_Requirement:_ Please output the lines from the one with "Aelbert Cuyp - Landschap" through the end of the data exactly as written, omitting all pictures.

_Short web captions:_

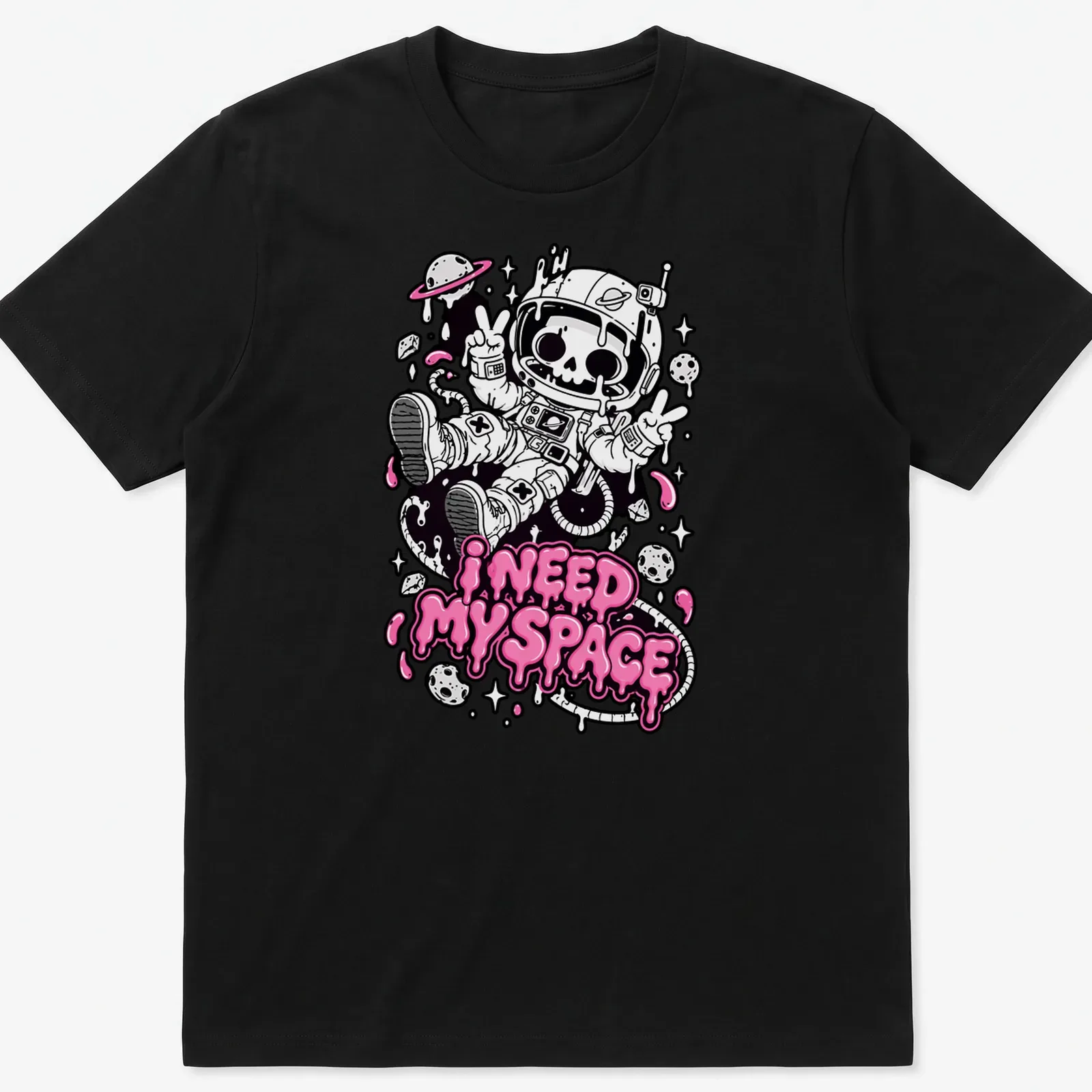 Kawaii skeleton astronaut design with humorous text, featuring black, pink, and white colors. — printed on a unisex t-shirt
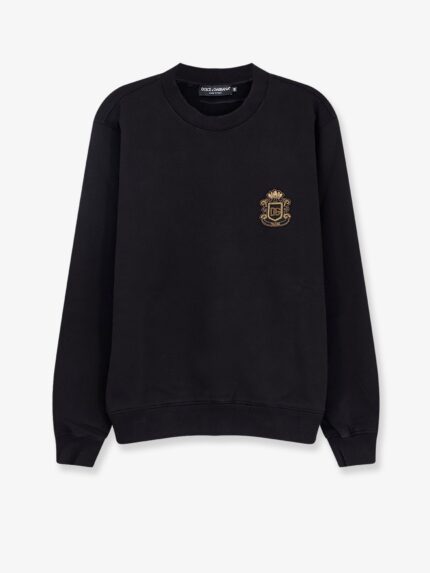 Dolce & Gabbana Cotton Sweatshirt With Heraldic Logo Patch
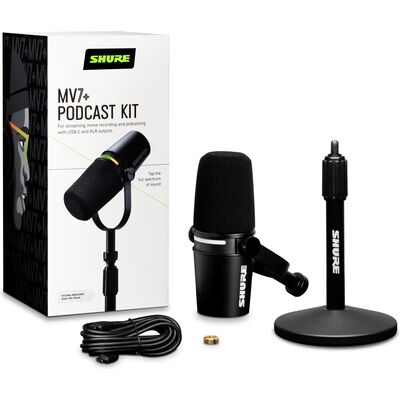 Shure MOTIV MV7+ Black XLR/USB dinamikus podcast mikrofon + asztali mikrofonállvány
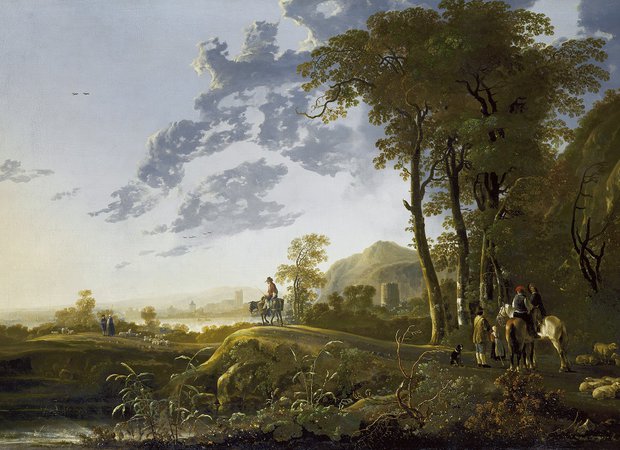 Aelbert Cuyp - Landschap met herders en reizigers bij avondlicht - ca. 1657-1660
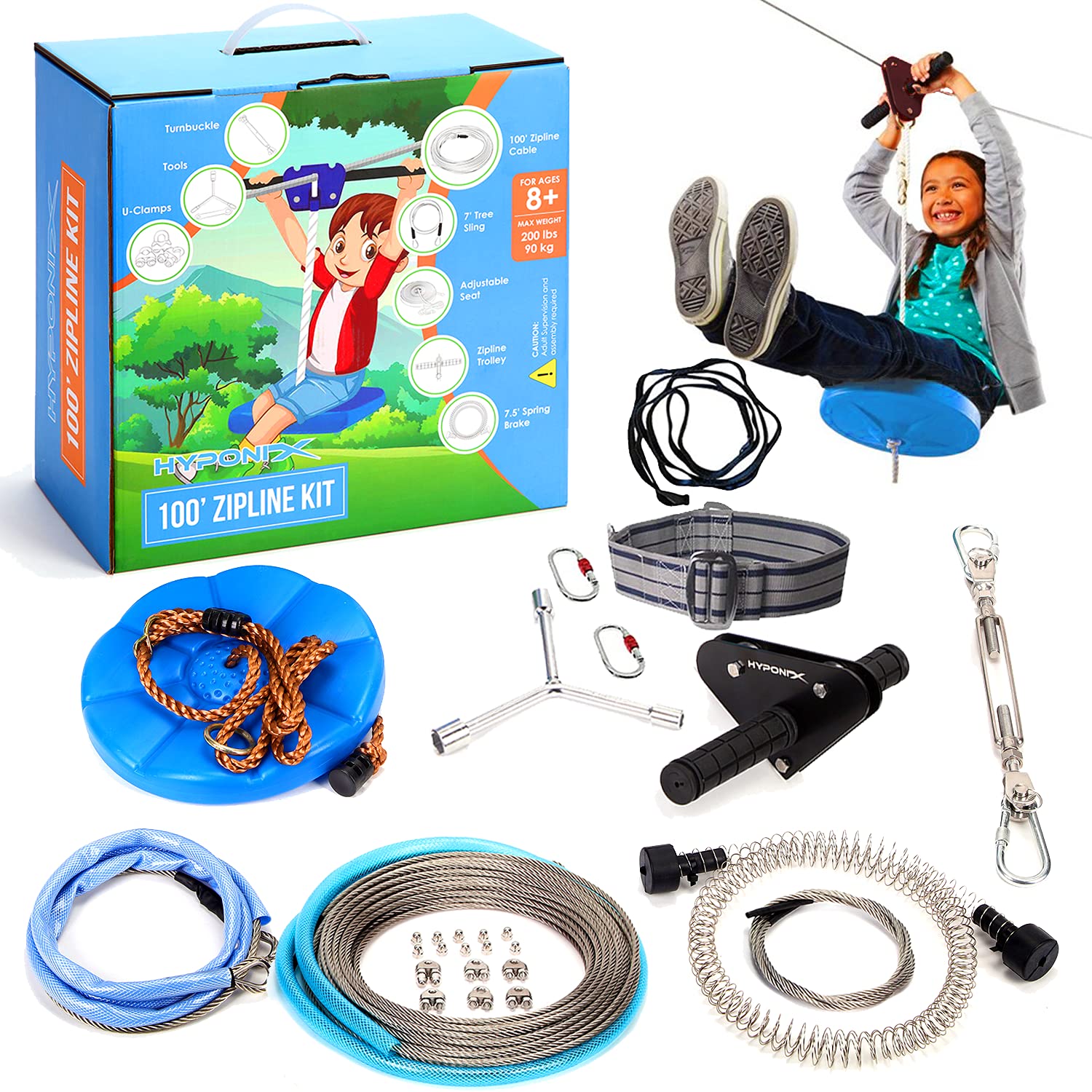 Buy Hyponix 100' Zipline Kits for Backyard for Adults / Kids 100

_Answer to the exercise:_
 Aelbert Cuyp - Landschap met herders en reizigers bij avondlicht - ca. 1657-1660
 Buy Hyponix 100' Zipline Kits for Backyard for Adults / Kids 100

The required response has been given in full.